Task directions.
No picture belongs in the answer, which must hold exactly the lines from the one with "10K Gold Crucifix" through the final line below.

(Entries shown begins)

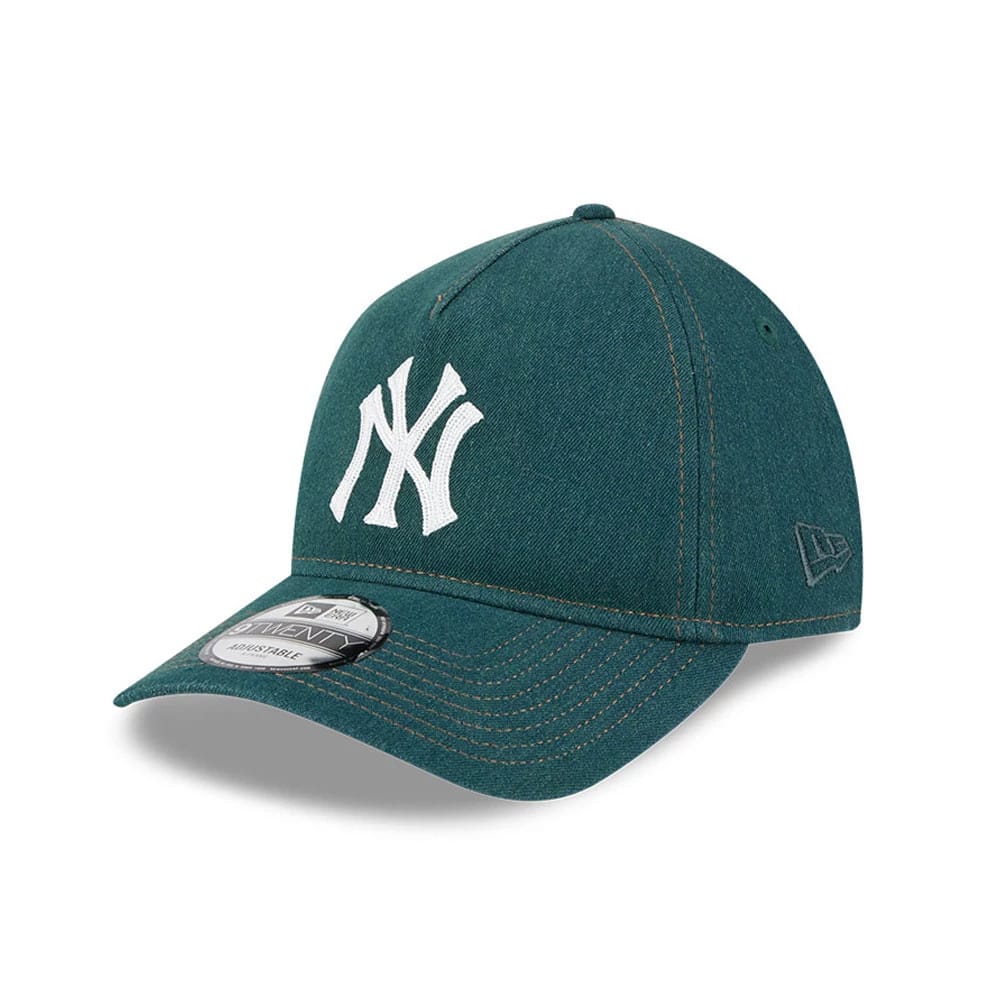 New York Yankees MLB Forest Denim Green 9TWENTY A-Frame Adjustable Cap-kentox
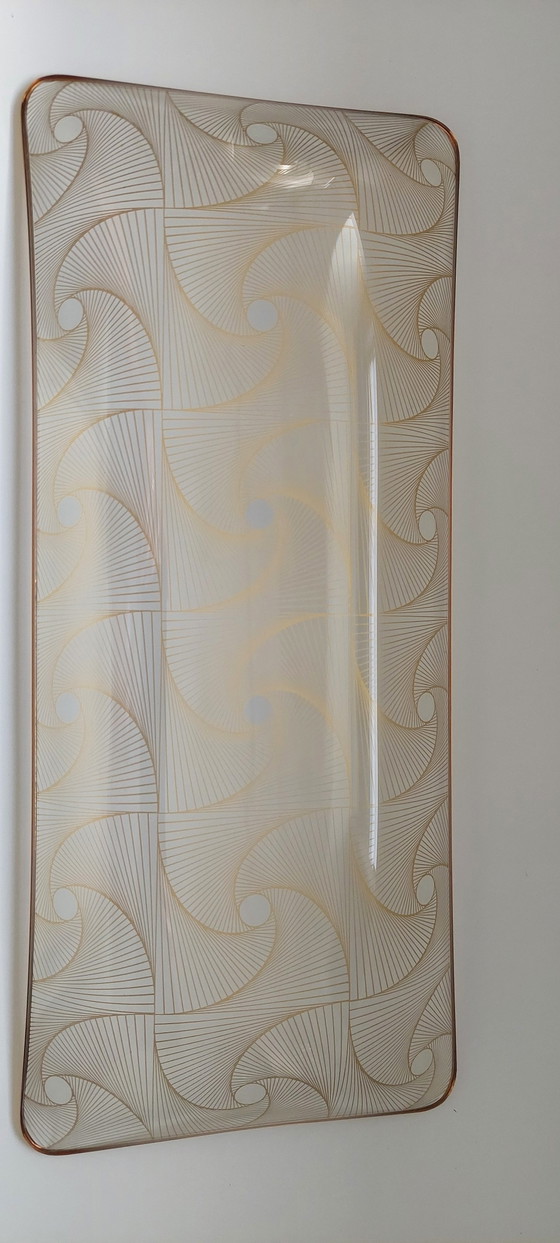 Image 1 of Piatto da torta vintage di MF Crystal & Art Glass, azienda danese.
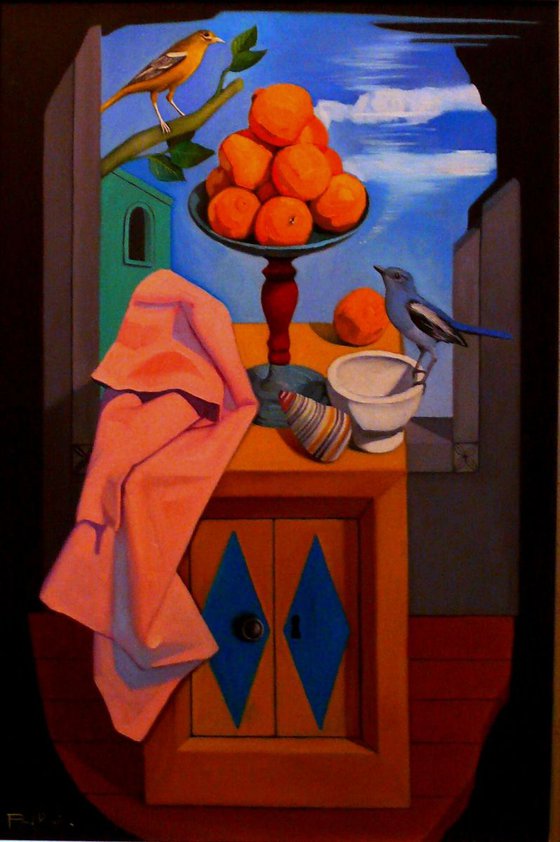 Still Life With Oranges And Birds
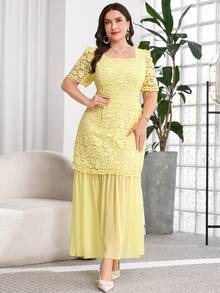 Reflora Đầm tay ngắn thanh lịch, màu trơn, cổ vuông, phối ren, cỡ lớn - Màu vàng ngỗng - Xem 8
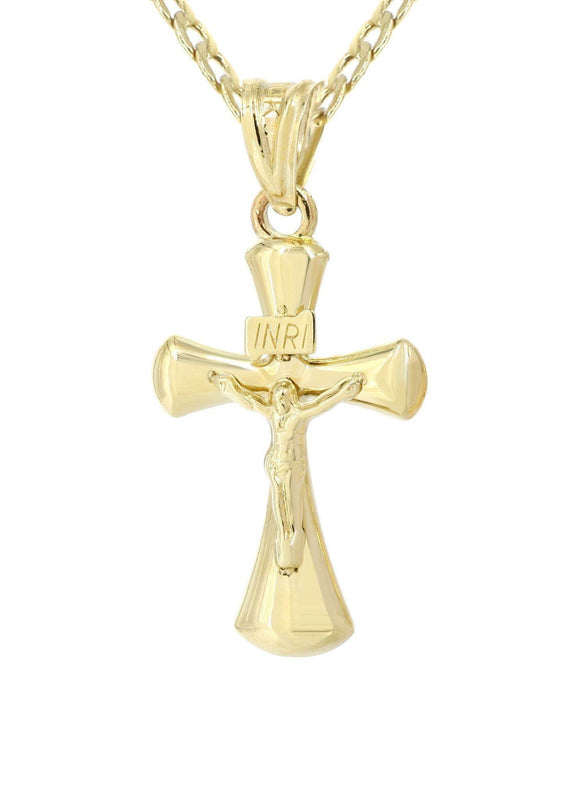 10K Gold Crucifix / Cross  Necklace For Men | 5.66 Grams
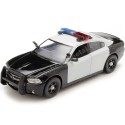 Cochesdemetal.es 2011 Dodge Charger Pursuit Con Luces y Sonido Negro/Blanco 1:24 Motor Max 79533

(Entries shown ends)

Solution for this problem.
 10K Gold Crucifix / Cross  Necklace For Men | 5.66 Grams
 Cochesdemetal.es 2011 Dodge Charger Pursuit Con Luces y Sonido Negro/Blanco 1:24 Motor Max 79533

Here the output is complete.